We've all heard the Beltway mantra this year: "Cut the budget. Cut the budget."
When push comes to shove, what does this really mean? If powerful lawmakers can exempt extraordinarily wasteful and unnecessary projects from budget cuts while further slashing the already-meager budgets of other important projects that enhance society, what does that say about the priorities of those we have left in charge?
In an all-too-common display of pork politics, Rep. Martin Heinrich (D-NM) has asked President Obama to declare a funding "anomaly" for a list of nuclear weapon programs. In the likely event that Congress can't agree on the FY2012 budget by October 1, the government will likely continue to run on a Continuing Resolution (CR), meaning that most programs will be funded at their 2011 level for the duration of the CR. The anomaly would fund certain parts of the nuclear weapons complex at the higher 2012 levels during the CR. This money would largely go to the Los Alamos and Sandia National Laboratories in New Mexico.

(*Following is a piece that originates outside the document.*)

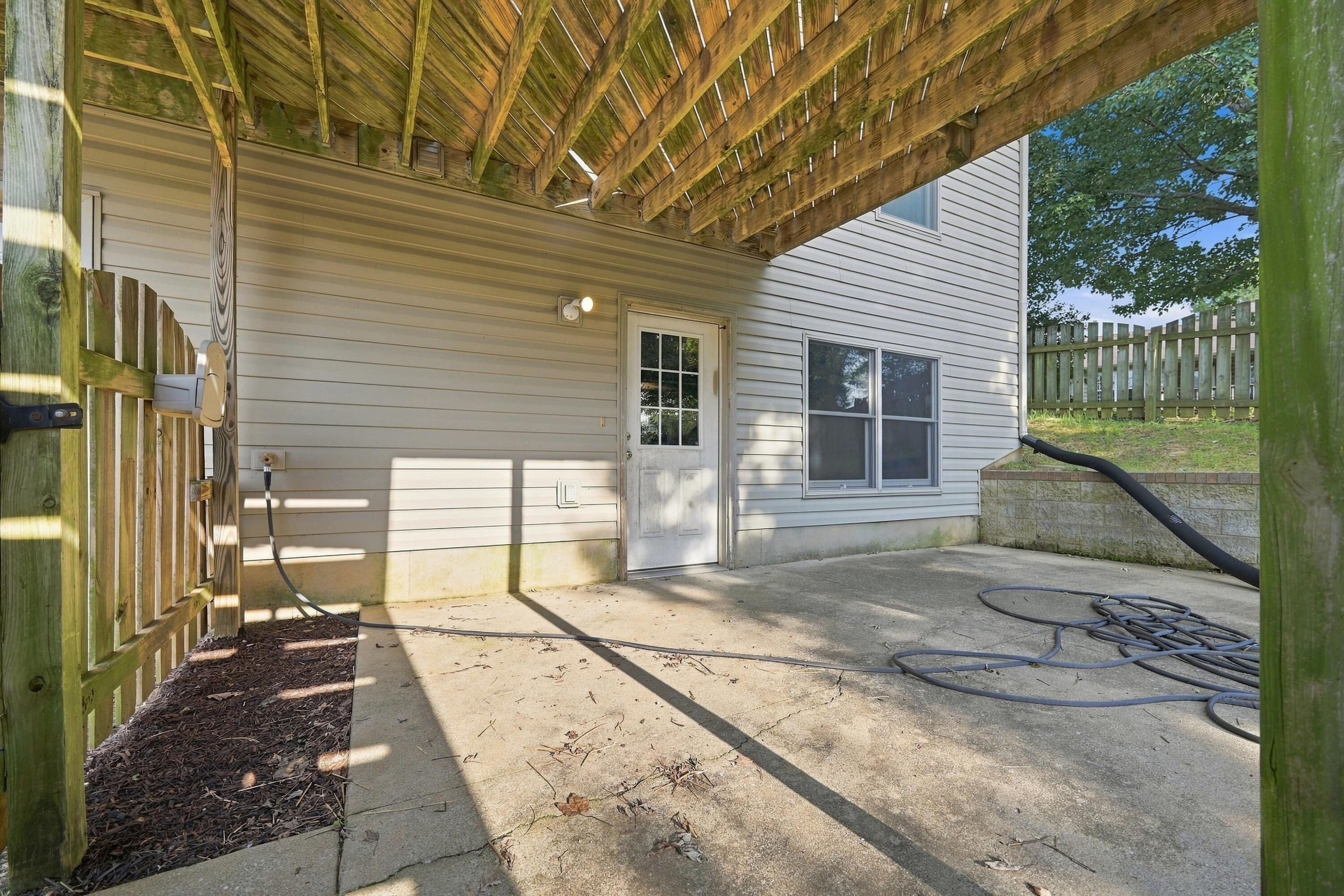 105 Weslyn Way Property Photo 31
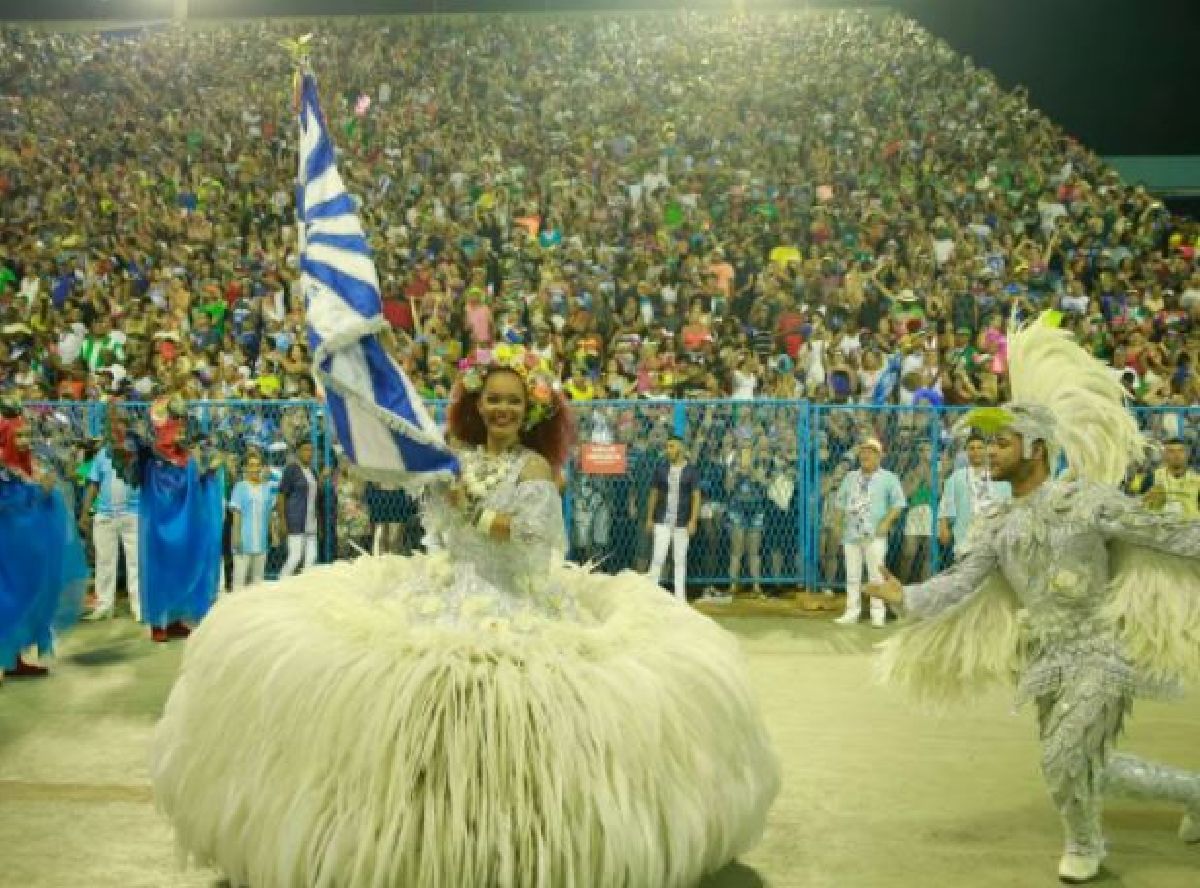 DEU SAMBA! FERIADOS PROLONGADOS E CARNAVAL FORA DE ÉPOCA AQUECEM TURISMO NO BRASIL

Heinrich is joined by Rep. Michael Turner (R-OH), Chair of the House Armed Forces Strategic Forces subcommittee. In their letter to President Obama, the two lawmakers write that the anomaly is needed to keep "on track the tight schedule for infrastructure modernization and life extensions of our current warhead types."
Turner wrote In a recent blog post entitled To Remain a World Leader, U.S. Must Stop Mounting Debt, "If Congress and the President do not work together to stunt the unsustainable growth of our debt, the consequences will be grave."
Sorry, Rep. Turner. You can't have it both ways. Squandering billions on new nuclear weapons production facilities and stunting the unsustainable growth of our debt are not compatible. The only anomaly I see here is that such a request can be made by anyone with a straight face.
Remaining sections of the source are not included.